Got my first non-encouraging test results of this experiment. The rH dropped 5 points in 24 hours. That's a big swing and just the kind of fluctuation that beads are meant to eliminate. I'm not going to panic, we'll keep monitoring and see what happens.



I mentally toyed with the idea of not posting these results. But that just isn't an option!


----------



## FiveStar (Jan 7, 2010)

Ya know Razz, I'm not the most experienced bead user, but there look to be lots of white beads in there. If you're taking the lid off daily, maybe it's just time to rehydrate? Dunno, but to me it doesn't seem like there's anywhere near 60% of the beads hydrated from the pic, so maybe these aren't terribly discouraging results? 

This is a cool experiment man! Can't wait to see how it concludes.


----------



## RazzBarlow (Dec 8, 2009)

FiveStar said:


> Ya know Razz, I'm not the most experienced bead user, but there look to be lots of white beads in there. If you're taking the lid off daily, maybe it's just time to rehydrate? Dunno, but to me it doesn't seem like there's anywhere near 60% of the beads hydrated from the pic, so maybe these aren't terribly discouraging results?
> 
> This is a cool experiment man! Can't wait to see how it concludes.

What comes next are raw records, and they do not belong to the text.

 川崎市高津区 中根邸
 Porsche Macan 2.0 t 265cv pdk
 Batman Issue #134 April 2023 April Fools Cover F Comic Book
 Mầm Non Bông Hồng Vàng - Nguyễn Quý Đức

I use a flash when I take that photo, because I take it at 0'dark 30 when I get up in the morning. So, there aren't as many white beads as the photo suggests.

But, for the sake of argument, let's say you're right and they just need to be re-hydrated. How would you feel about beads that have to be re-hydrated after only 4 days? That would pretty much be a PITA.

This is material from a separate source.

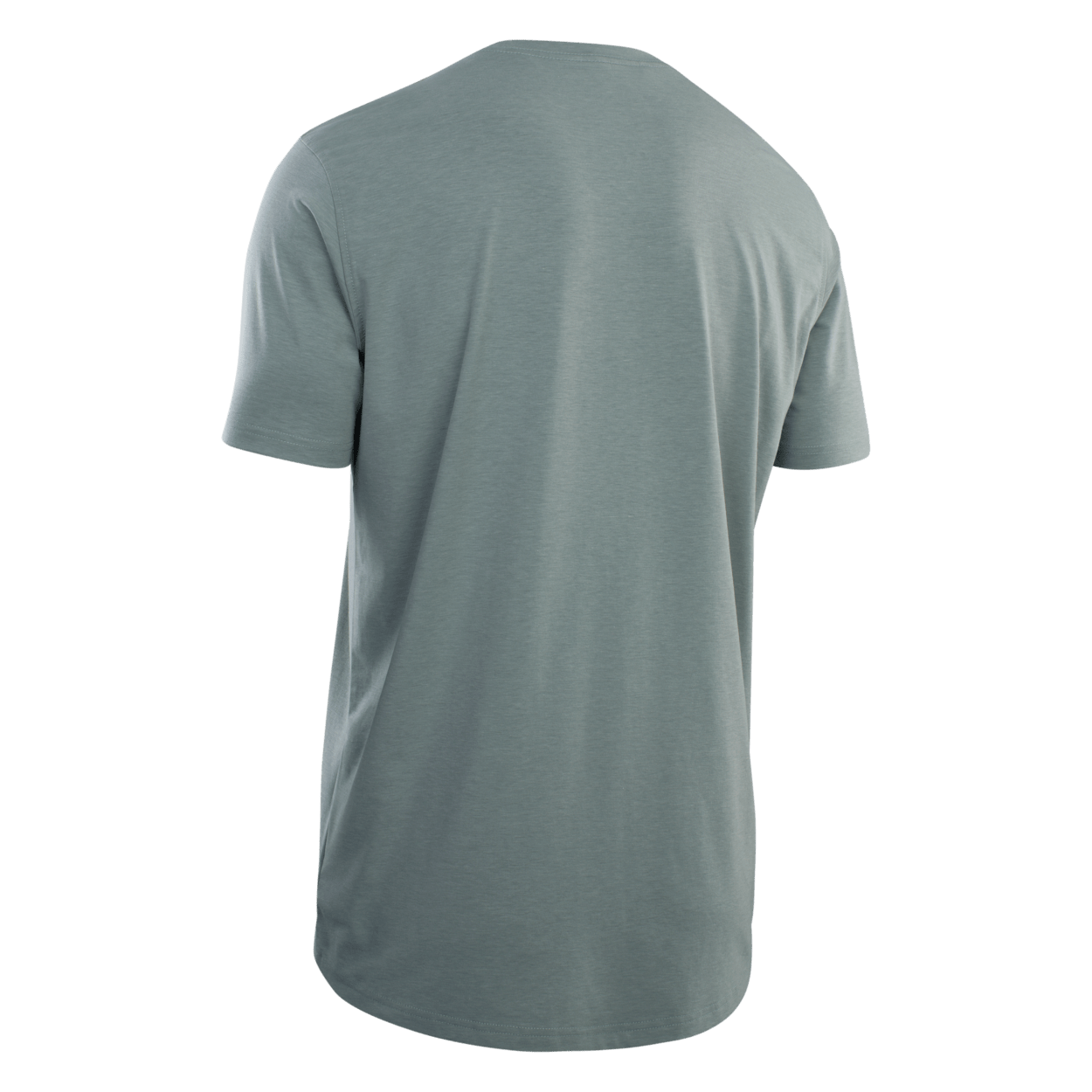 ION Men MTB Jersey Logo DR Shortsleeve 2024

I appreciate the encouragement, but I'm pretty bummed about it right now. Like I said, I'm not going to panic, but early results suggest I'm going back to the drawing board.


----------



## Coop D (Oct 19, 2008)

Pretty cool so far!!!


----------



## ca21455 (Jul 23, 2006)

I appreciate your efforts in this experiment. May I suggest some other testing to see how the beads work?

Using beads acclimated to 65% humidity, put them in a container at 60% humidity and see if they can stabilize at the desired level. Using different volumes you can determine the capacity of a given quantity of beads.

This could also be done in a 70% environment to determine the dehumidification properties of the beads.

Having this test data you could compare your beads to the others available and determine which is best.

Just geeking along with ya!


----------



## Cigary (Oct 19, 2007)

Hang in there Marshall,,,I suspect you're still on to something here. I kinda like what John is talking about also as far as exploring other parameters. Rome wasn't built in a day and the rest of us can live vicariously thru you in this experiment.


----------



## RazzBarlow (Dec 8, 2009)

Final update:

This morning the hygrometer reading is 58% rH. I consider this formula unacceptable and will continue researching a new formula.

Thanks for all your interest.


----------



## presidentbryce (Oct 9, 2008)

Very interesting experiment! Sorry to see that it didn't work out this time. Keep at it. You're bound to find the right formula eventually. Encouraging quote: "Something about Thomas Edison and trying lots of things before coming up with the right light bulb filament, blah blah blah." But seriously, don't give up.


----------



## BTcigars (Jun 30, 2009)

Sorry it didnt work out this time but thanks for this thread, very interesting stuff and best of luck on batch #2.


----------



## Esoteric (Jun 15, 2009)

Very awesome!! I have thought about trying to do this but my knowledge in chemistry leaves much to be desired. I have had long throughts about what materials might work and such but haven't gotten past a very basic drawing board.

I live in a ******* town (outskirts of Panama City, FL) so I thought about some duct tape, plastic beads and salt HAHA JK  

Good luck and hang in there. It does take a good amount of failure to generally make a great product (unless you luck out). Edison took 1001 attempts for a light bulb but I think you are WAY ahead of that margin!!

Let us know the results and if you need testers lol.


----------